A data audit is a step-by-step process that examines every step of the data science process. Problems can be introduced at any step of this process, so a full audit requires close examination at each step. In another post I'll talk about tests given to uncover problems and possible remediation for problems found at each step. For now I'll assume we have full access to the model in question, although many of these questions can be addressed even when there are limits to access.
At the highest level a data audit has four phases:
In order to audit a given algorithm we delve into phase-specific questions.
- What data have you collected? Is it relevant and do you have enough and the right kind?
- What is the integrity of this data? Does it have bias? Is some of the data more or less accurate? How do you test this?
- Is your data systematically missing important types of data? Is it under- or over-representing certain types of events, behaviors, or people?
- How are you cleaning the data, dealing with missing data, outlying data, or unreasonable data? What is your ground truth for dealing with this kind of question?
- How do you define "success" for your algorithm? Are there other related definitions of success, and what do you think would happen if you tweaked that definition?

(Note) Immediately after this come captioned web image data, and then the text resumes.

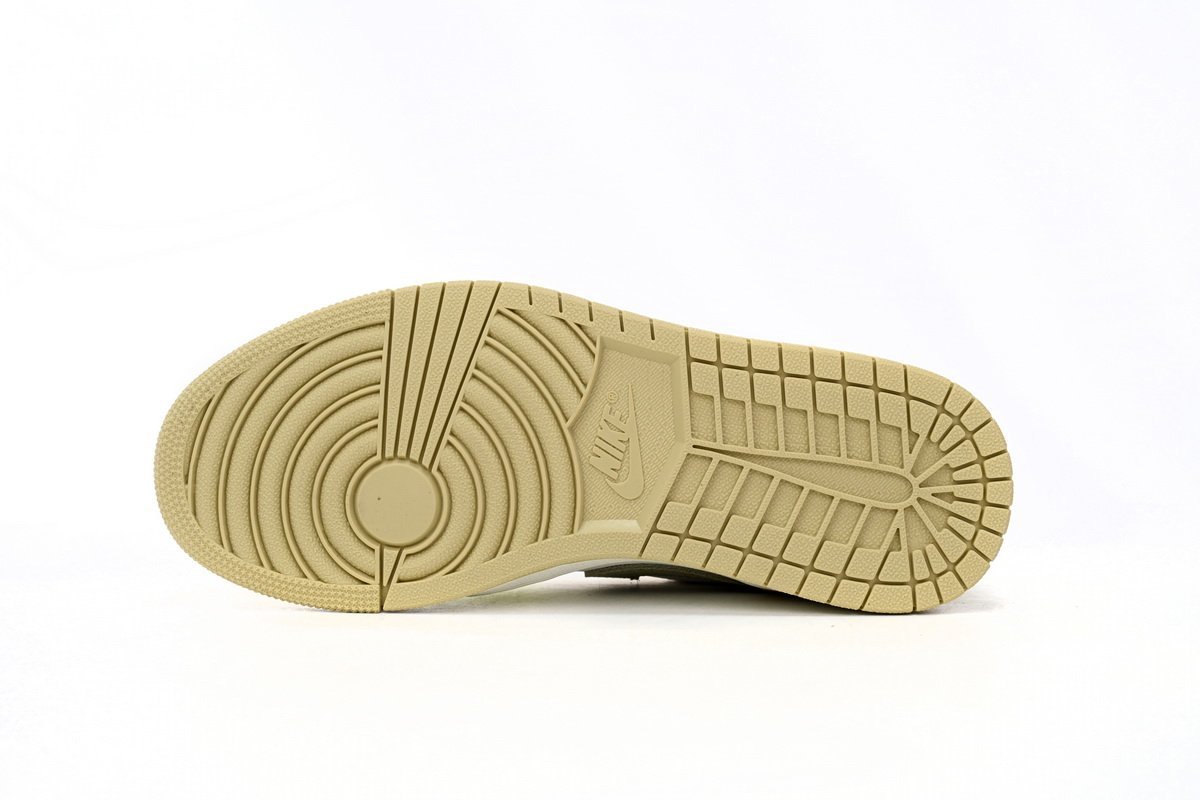 Air Jordan 1 Low Sail White Oil Green - Image 10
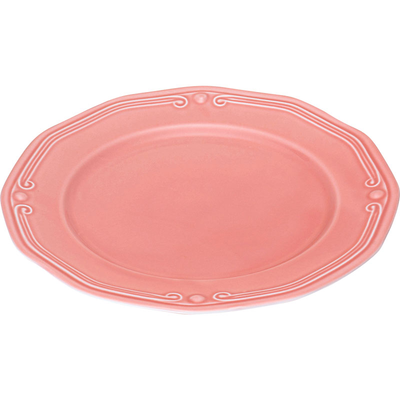 Athenee πιατο ρηχο 27cm πορσελανη ροζ, , medium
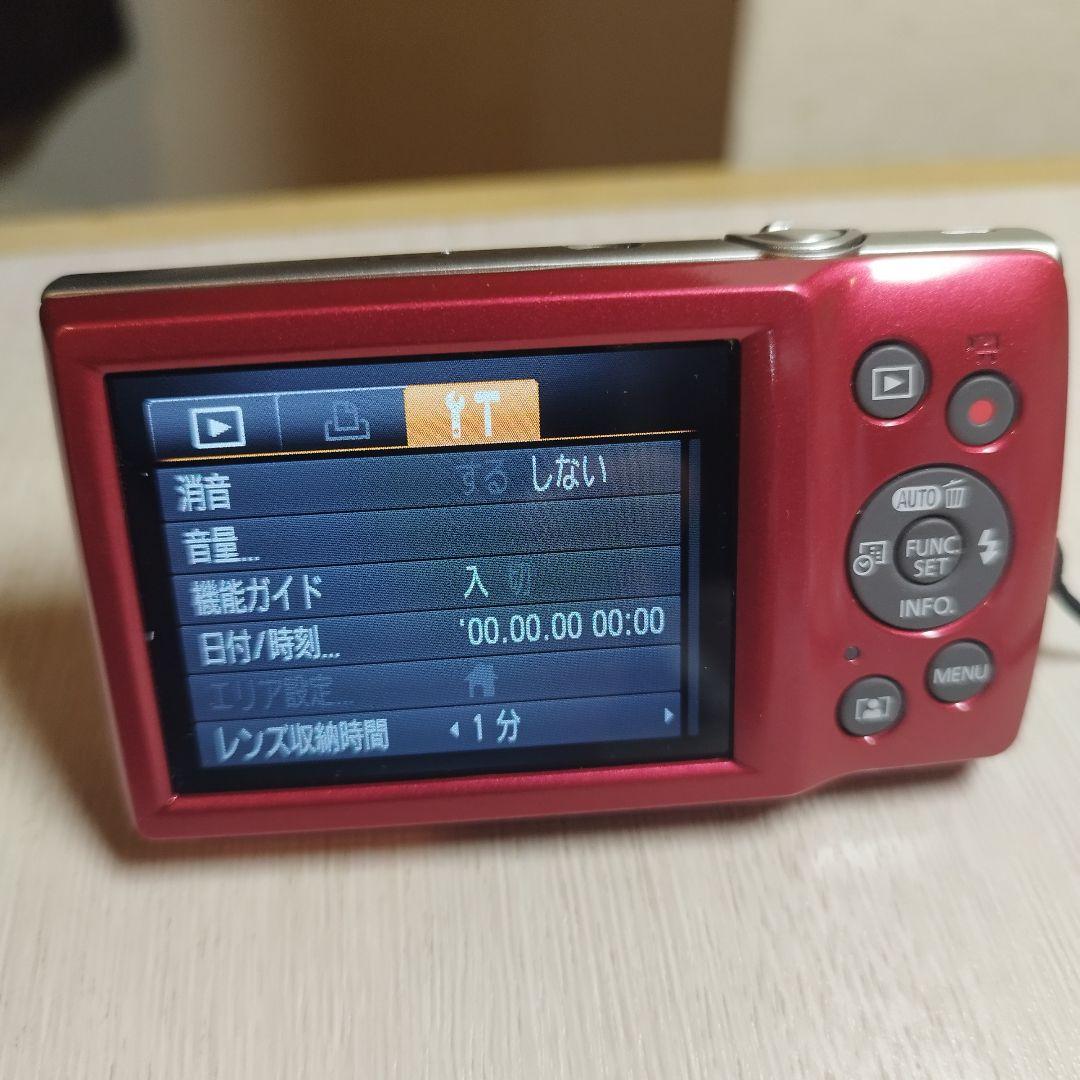 【動作品】Canon キャノン IXY 200 オールドコンデジ レッド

- What attributes do you choose to search through to potentially associate with success or failure? To what extent are your attributes proxies instead of directly relevant to the definition of success, and what could go wrong?
- What kind of algorithm should you use?
- How do you calibrate the model?
- How do you decide when the algorithm has been optimized?
- To what extent is the model working in production?
- Does it need to be updated over time?
- How are the errors distributed?
- Is the model creating unintended consequences?
- Is the model playing a part in a larger feedback loop?